The area of a trapezium shaped field is $480 \mathrm{~m}^2$, the distance between two parallel sides is $15 \mathrm{~m}$ and one of the parallel side is $20 \mathrm{~m}$. Find the other parallel side.
Solution:

One of the parallel sides of the trapezium is $a=20 \mathrm{~m}$, let another parallel side be $b$, height $h=15 \mathrm{~m}$.
The given area of trapezium $=480 \mathrm{~m}^2$.
Area of a trapezium $=\frac{1}{2} h(a+b)$
So $\quad 480=\frac{1}{2} \times 15 \times(20+b) \quad$ or $\quad \frac{480 \times 2}{15}=20+b$
or $64=20+b$ or $b=44 \mathrm{~m}$

Hence the other parallel side of the trapezium is $44 \mathrm{~m}$.

Example 2:

The area of a rhombus is $240 \mathrm{~cm}^2$ and one of the diagonals is $16 \mathrm{~cm}$.
Find the other diagonal.
Solution:

Let length of one diagonal $d_1=16 \mathrm{~cm}$
and $\quad$ length of the other diagonal $=d_2$
Area of the rhombus $=\frac{1}{2} d_1 \cdot d_2=240$

So,
$
\frac{1}{2} 16 \cdot d_2=240
$

Therefore,
$
d_2=30 \mathrm{~cm}
$

Hence the length of the second diagonal is $30 \mathrm{~cm}$.
Example 3:

There is a hexagon MNOPQR of side $5 \mathrm{~cm}$ (Fig 9.6). Aman and Ridhima divided it in two different ways (Fig 9.7).
Find the area of this hexagon using both ways.

Solution:

Aman's method:
Since it is a hexagon so NQ divides the hexagon into two congruent trapeziums. You can verify it by paper folding (Fig 9.8 ).
Now area of trapezium MNQR $=4 \times \frac{(11+5)}{2}=2 \times 16=32 \mathrm{~cm}^2$.

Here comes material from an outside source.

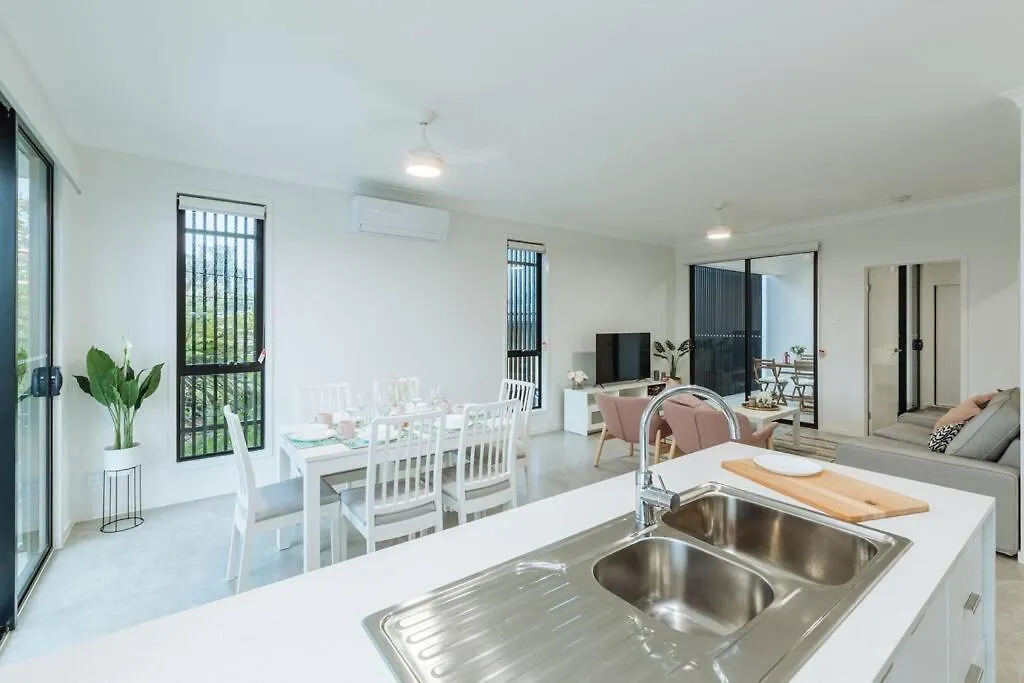 Holiday home Spacious Modern And Cozy 3bd Townhouse At Great Location *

Now area of trapezium MNQR $=4 \times \frac{(11+5)}{2}=2 \times 16=32 \mathrm{~cm}^2$.
So the area of hexagon $\mathrm{MNOPQR}=2 \times 32=64 \mathrm{~cm}^2$.
Ridhima's method:
$\Delta \mathrm{MNO}$ and $\triangle \mathrm{RPQ}$ are congruent triangles with altitude $3 \mathrm{~cm}$ (Fig 9.9).

You can verify this by cutting off these two triangles and placing them on one another.
$
\text { Area of } \triangle \mathrm{MNO}=\frac{1}{2} \times 8 \times 3=12 \mathrm{~cm}^2=\text { Area of } \triangle \mathrm{RPQ}
$

Area of rectangle MOPR $=8 \times 5=40 \mathrm{~cm}^2$.
Now, area of hexagon $\mathrm{MNOPQR}=40+12+12=64 \mathrm{~cm}^2$.

Example 4:

An aquarium is in the form of a cuboid whose external measures are $80 \mathrm{~cm} \times 30 \mathrm{~cm} \times 40 \mathrm{~cm}$. The base, side faces and back face are to be covered with a coloured paper. Find the area of the paper needed?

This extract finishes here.